(SUPPLIED DATA)
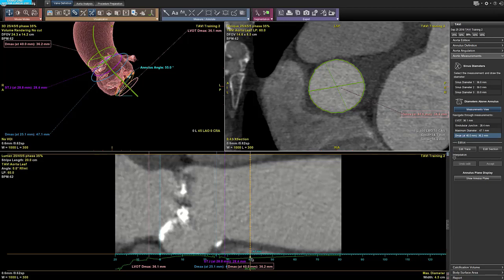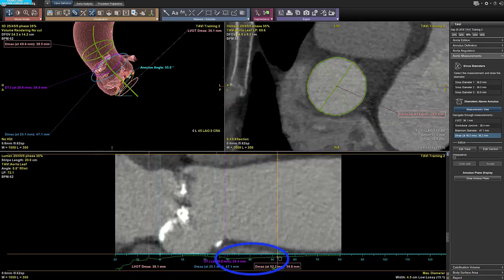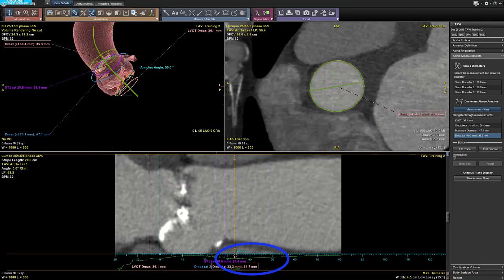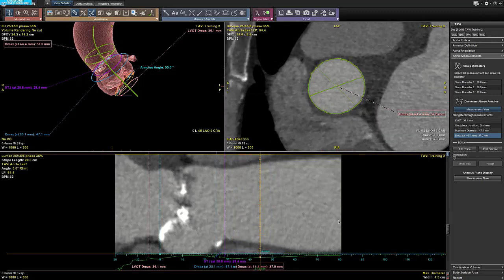To edit the diameter localization, you can grab the extremity of the diameter on the lumen view and move the diameter. You can use the additional tools on the wizard panel to either edit the trace of the aorta or do the section of the vessels.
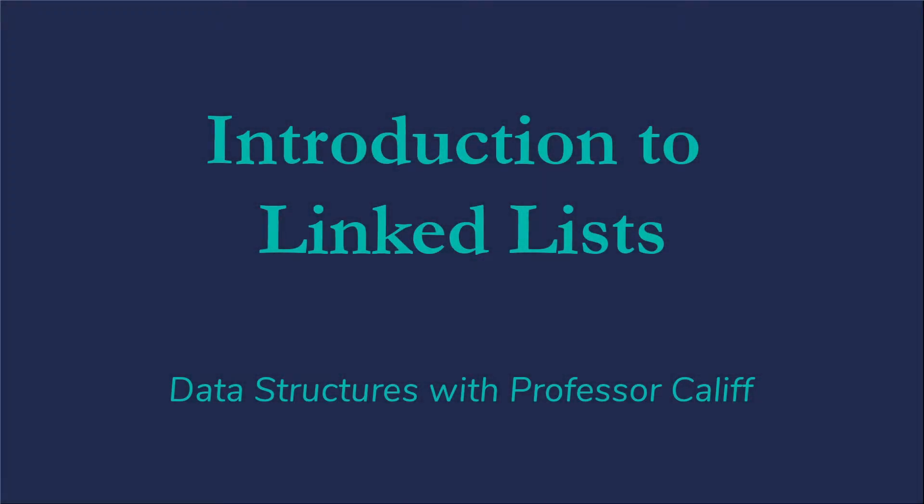Welcome to Data Structures with Professor Kaelin. Today I want to introduce the basic concept of linked lists.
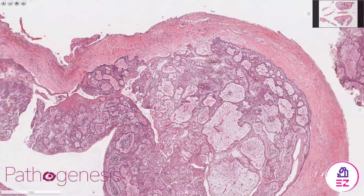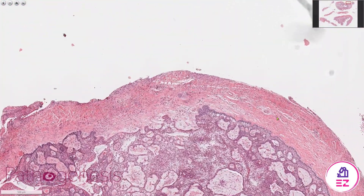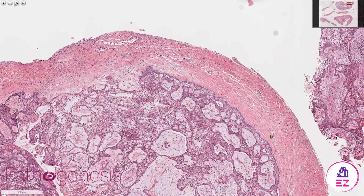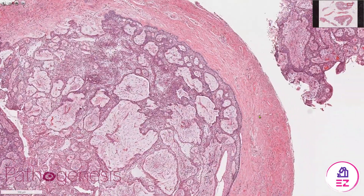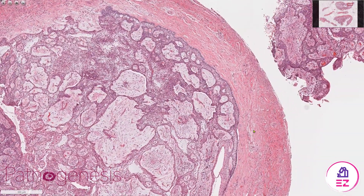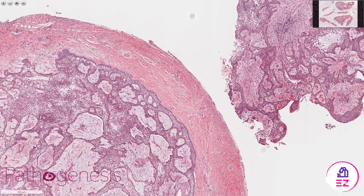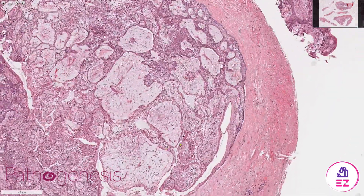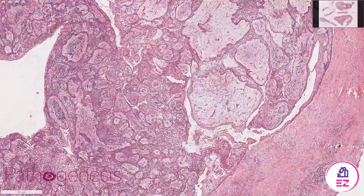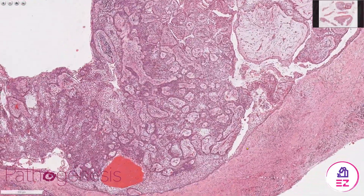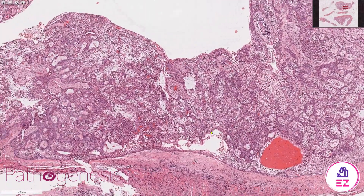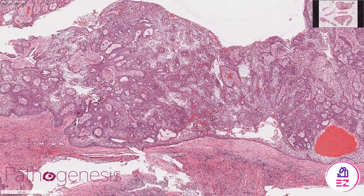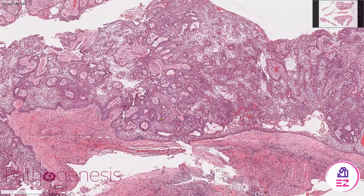As mentioned at the start, there's no proliferation into the surrounding wall, so we don't need to worry about a mural variant. This is just a typical intraluminal unicystic ameloblastoma.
(End SUPPLIED DATA)
Quote the data exactly, leaving every image out of the copy.

To edit the diameter localization, you can grab the extremity of the diameter on the lumen view and move the diameter. You can use the additional tools on the wizard panel to either edit the trace of the aorta or do the section of the vessels.
Welcome to Data Structures with Professor Kaelin. Today I want to introduce the basic concept of linked lists.
As mentioned at the start, there's no proliferation into the surrounding wall, so we don't need to worry about a mural variant. This is just a typical intraluminal unicystic ameloblastoma.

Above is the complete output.